Leo yine yaklaşmıştı. Son birkaç aydır kaç kere hayatını bile bile tehlikeye atmıştı kim bilir. Her seferinde yaşamak için bir neden bulsa da, hatta ders bile alsa, bunu unutuyordu. Farkındaydı da. "Uçlarda yaşamayı seviyor" olmalıydı. Karşısındaki heybetli adama bir ders vermek istiyordu aslında. Bu kadar ileri gitmese olmazdı. Heybetli çöl devi bu küçük Leo'yu farketti.
-Ey kardeşim, Leo! Sana karşı korumayacağım kendimi. Gel. Otur yanıma, konuşalım.
Leo güldü.
-Sana iyileşecek bir gün daha vermeyeceğim.

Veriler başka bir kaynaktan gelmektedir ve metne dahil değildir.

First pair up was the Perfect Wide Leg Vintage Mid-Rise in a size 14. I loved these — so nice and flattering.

Lu Go Bonzu karşısındaki inatçı gence döndü. Gülümsedi.
-Güzel. Fakat kardeşim, en azından beni biraz dinle.
Leo'nun yapacak başka bir şeyi kalmadı, kabul etmekten başka. O bir gaddar değildi.
-Tamam. Ama sen de sorumu yanıtlayacaksın.

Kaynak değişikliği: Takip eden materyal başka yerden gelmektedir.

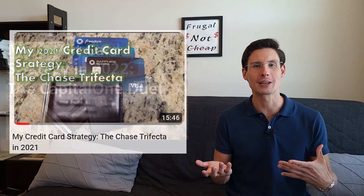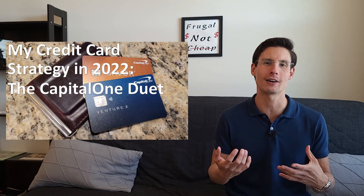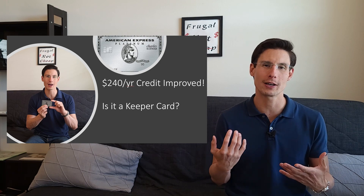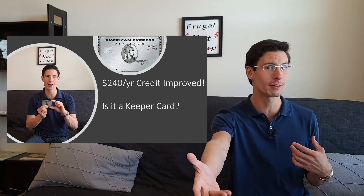So these are the two that I have right now, but I've also had the American Express Platinum, and I've got some old videos that go over the math for the Chase Trifecta, also the Capital One Duo which I'm using right now, and breaking down the Amex Platinum as well — why in my case the credits don't really make sense, but they very well could make sense for you. These are kind of the big three super common travel cards.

-Kabul ediyorum. Hadi, otur.
Leo bağdaş kurarak oturdu. Çölüm ortasında incecik bir kumaş parçasının üstünde oturuyorlardı. Leo'ya bir şişe su teklif etti çölün devi. Leo ne kadar da susamıştı. Kana kana içti. Çöl devi kahkahasıyla tüm çölü inletti.
-Leo kardeşim, yarasın!
Gülmeye devam etti. Ne kadar zamandır böyle gülmemişti kesin. Daha doğrusu bu çölde onu güldürecek kimsesi yoktu. Leo'nun sorusuyla kahkahası kesildi.
-Lu Go Bonzu, burada boş boş yürüyorsun, hayatını harcıyorsun. Sonra da gelip hayatın ne kadar değerli olduğundan bahsediyorsun. Bu iki yüzlülük değil midir?
Bütün çöl dev ile birlikte durgunlaşmıştı sanki.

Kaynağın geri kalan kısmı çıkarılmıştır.